Sorry for the break there – here finally is the third post in my series about on-demand selling with a look at my process.

When I started selling on-demand, I just uploaded whatever designs I felt like on to whatever products I liked the look of. Unsurprisingly, that ended up as a big old mess of random products that I am still trying to untangle. Don’t be me – work out your plan before you start and stick to it!


Choose your general product range

For each site you sell on, check out their full range of products and make a list of all those that would like to sell your designs on. Which products you choose should be influenced by your art style and your prospective customers. I mostly design for lifestyle products, but your style might be better suited to sports/activities, business, parents or pets. Don’t try to design for everything – you’ll never have enough time and it’s better to focus on your ideal customers.

Create a base file

A base file should be the ideal version of your artwork as you would choose to hang it on your wall, at the highest resolution possible. I usually make mine square, but landscape or portrait might suit your work better. You can then use your base file to create templates for other products.


Create your templates

For each product you’ve chosen, look up the artwork requirements and make a template. Most sites will provide either details of dimensions/resolution or a downloadable template, but these are not always accurate as to margins and safe areas so you’ll probably have to upload some artwork first and then make edits accordingly.

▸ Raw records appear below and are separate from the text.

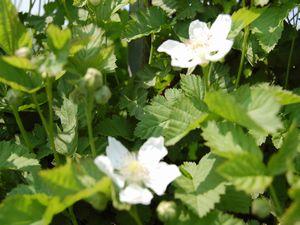 葉っぱが生い茂っている中に2輪の花が咲いている写真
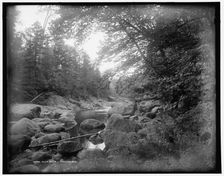 Glen Ellis, Jackson, N.H., between 1890 and 1901. Creator: Unknown
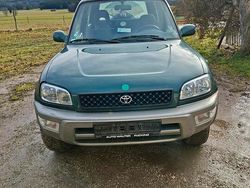 Grün Gebraucht 2000 Ford Fiesta SUV | 4.050 €
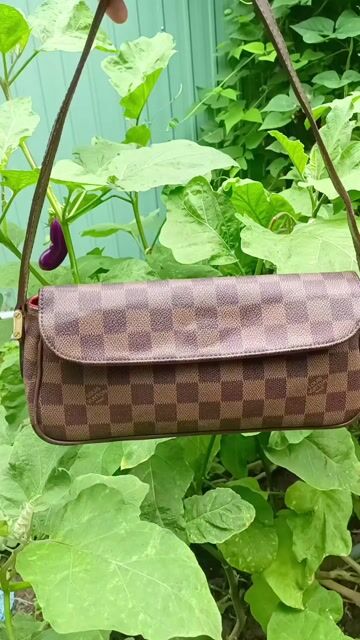 Túi xách Louis Vuitton Nữ Da canvas Nâu. Mua bán Túi xách tại Huyện Cai Lậy Tiền Giang được đăng bởi Phạm Ánh thanh lý hàng hiệu hình 1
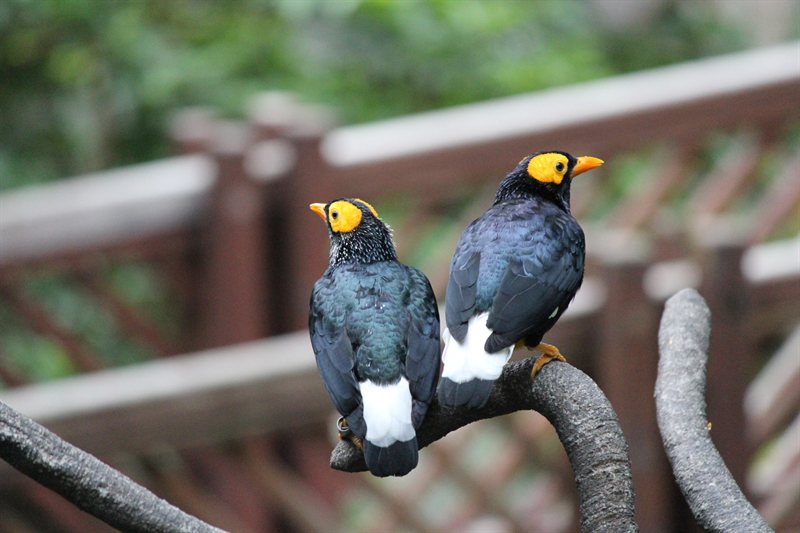 Yellow- Faced Myna birds at the aviary at Hong Kong Park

Use your base file and your template files to create all the other image sizes you need. You might have to crop in closer, use multiple elements or create a repeat pattern to fill the space nicely.

Before you upload

Not all your artwork will be suitable for every product on your list so give it some thought before you blindly upload to everything. Is your edgy artwork really suitable for a babygro? Should you put a happy bunny on a chopping board? Are clock hands or camera holes going to cover up important parts of your design?


Keep track of everything

I use a spreadsheet now to keep track of which designs are on which products and sites. It’s basically just a list of all the products I design for on Zazzle down one side and I add a new column for each character/design. I then fill the cell with green for a completed product or red for any that don’t work with that design. Blank spaces means there’s work to be done. For my other on-demand sites, they just get an extra row each as you upload all products at the same time. It makes it really clear what I need to work on, plus I can easily add a new row when a new product is released.

I also have a sheet with links to each product creation page on Zazzle to make this slightly quicker, plus I save the artwork title, description and tags in a text file so that I don’t need to retype them every time I create a new product.


Check and Promote

Remember to check how your products look on the site in case of duplicates or other issues. Get the word out on social media so your fans can check out the new products – and make sure to sign up to Society6 & Zazzle’s referral/affiliate programmes so you get a bit of extra cash too. It’s also well worth signing up for each site’s newsletters and following them on social media as there are regular offers that you can share, and also use to buy some of your own designs to see what they’re like.